» **EXERCISE BRIEF**
Please set down the data word for word; images do not go in the copy.

» **COLLECTED MATERIAL**
⁂
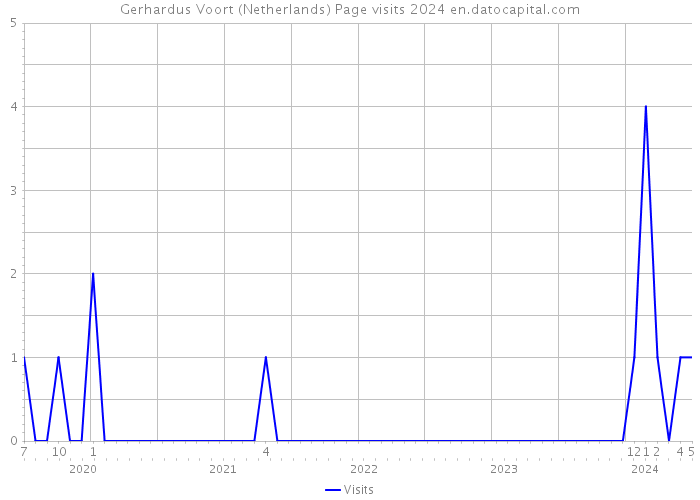 Gerhardus Voort (Netherlands) Page visits 2024 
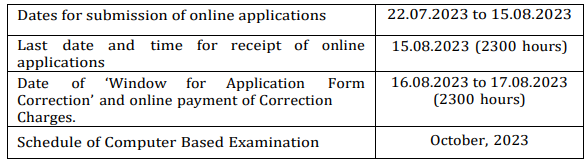 SSC Recruitment 2023: Notification Out For 1870+ Vacancies Check Post, Age, Important Date, Qualification & Applying Process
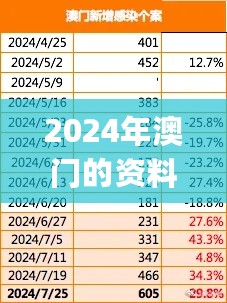 2024年澳门的资料热_hot最新消息,实地调研解释定义_深度版6.13.22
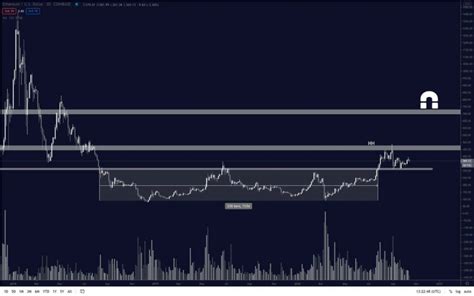 This ethereum price prediction guide will help paint a clear picture of estimated growth and the everything to know about eth in 2021. Ethereum to See "Price Discovery" in 2021; Analyst Targets ...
⁂
» **EXERCISE RESULT**
 Gerhardus Voort (Netherlands) Page visits 2024 
 SSC Recruitment 2023: Notification Out For 1870+ Vacancies Check Post, Age, Important Date, Qualification & Applying Process
 2024年澳门的资料热_hot最新消息,实地调研解释定义_深度版6.13.22
 This ethereum price prediction guide will help paint a clear picture of estimated growth and the everything to know about eth in 2021. Ethereum to See "Price Discovery" in 2021; Analyst Targets ...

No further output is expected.